Re: SQL/JSON features for v15

2022-08-31 Thread Jonathan S. Katz


On 8/31/22 12:26 PM, Robert Haas wrote:

On Wed, Aug 31, 2022 at 10:20 AM Jonathan S. Katz  wrote:

Andres, Robert, Tom: With this recent work, have any of your opinions
changed on including SQL/JSON in v15?


No. Nothing's been committed, and there's no time to review anything
in detail, and there was never going to be.


OK. Based on this feedback, the RMT is going to request that this is 
reverted.


With RMT hat on -- Andrew can you please revert the patchset?


 Nikita said he was ready
to start hacking in mid-August.
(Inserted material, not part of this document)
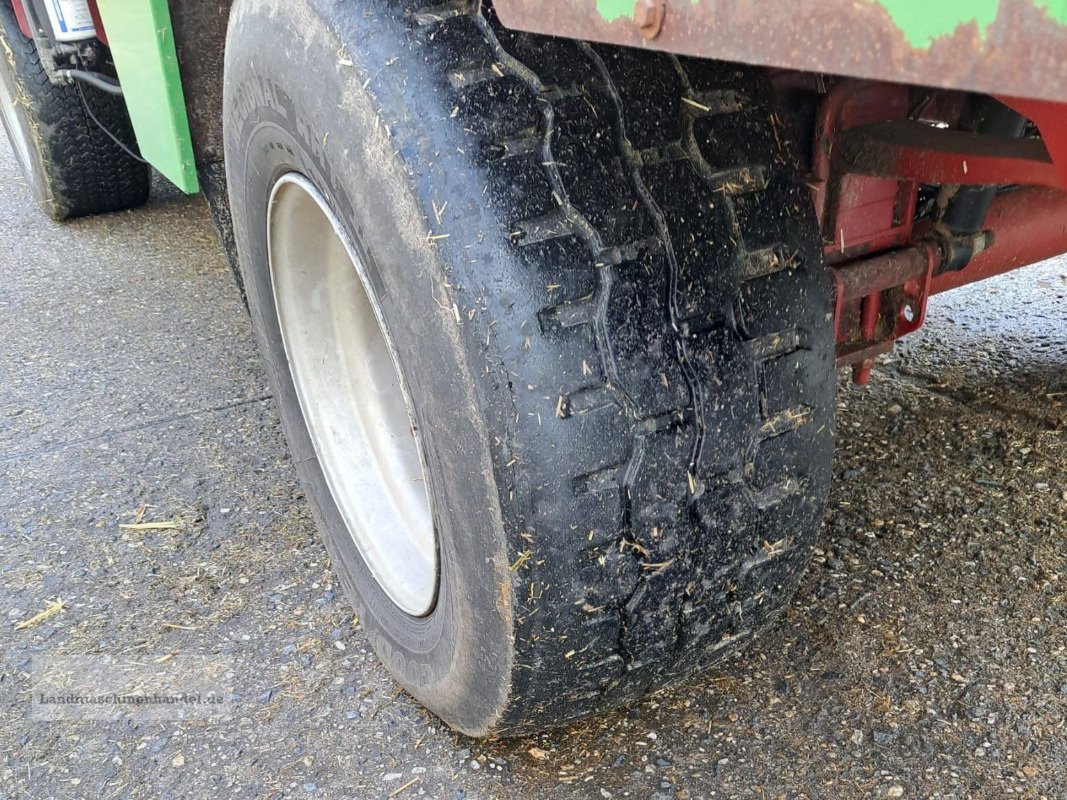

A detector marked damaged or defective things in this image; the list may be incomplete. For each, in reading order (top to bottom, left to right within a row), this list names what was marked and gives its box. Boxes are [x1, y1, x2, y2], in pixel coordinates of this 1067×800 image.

rusty red chassis [494, 0, 1064, 384]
That's good of him, but feature freeze
was in April. We don't start hacking on a feature 4 months after the
freeze. I'm unwilling to drop everything I'm working on to review
patches that were written in a last minute rush. Even if these patches
were more important to me than my own work, which they are not, I
couldn't possibly do a good job reviewing complex patches on top of
other complex patches in an area that I haven't studied in years. And
if I could do a good job, no doubt I'd find a bunch of problems -
whether they would be large or small, I don't know - and then that
would lead to more changes even closer to the intended release date.
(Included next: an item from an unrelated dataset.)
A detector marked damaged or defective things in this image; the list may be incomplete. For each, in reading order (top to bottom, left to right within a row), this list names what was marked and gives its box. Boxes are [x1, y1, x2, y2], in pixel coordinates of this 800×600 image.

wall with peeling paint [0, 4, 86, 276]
I just don't understand what the RMT thinks it is doing here. When a
concern is raised about whether a feature is anywhere close to being
in a releasable state in August, "hack on it some more and then see
where we're at" seems like an obviously impractical way forward. It
seemed clear to me from the moment that Andres raised his concerns
that the only two viable strategies were (1) revert the feature and be
sad or (2) decide to ship it anyway and hope that Andres is incorrect
in thinking that it will become an embarrassment to the project. The
RMT has chosen neither of these, and in fact, really seems to want
someone else to make the decision. But that's not how it works. The
RMT concept was invented precisely to solve problems like this one,
where the patch authors don't really want to revert it but other
people think it's pretty busted. If such problems were best addressed
by waiting for a long time to see whether anything changes, we
wouldn't need an RMT. That's exactly how we used to handle these kinds
of problems, and it sucked.


This is fair feedback. However, there are a few things to consider here:

1. When Andres raised his initial concerns, the RMT did recommend to 
revert but did not force it. Part of the RMT charter is to try to get 
consensus before doing so and after we've exhausted the community 
process. As we moved closer, the patch others proposed some suggestions 
which other folks were amenable to trying.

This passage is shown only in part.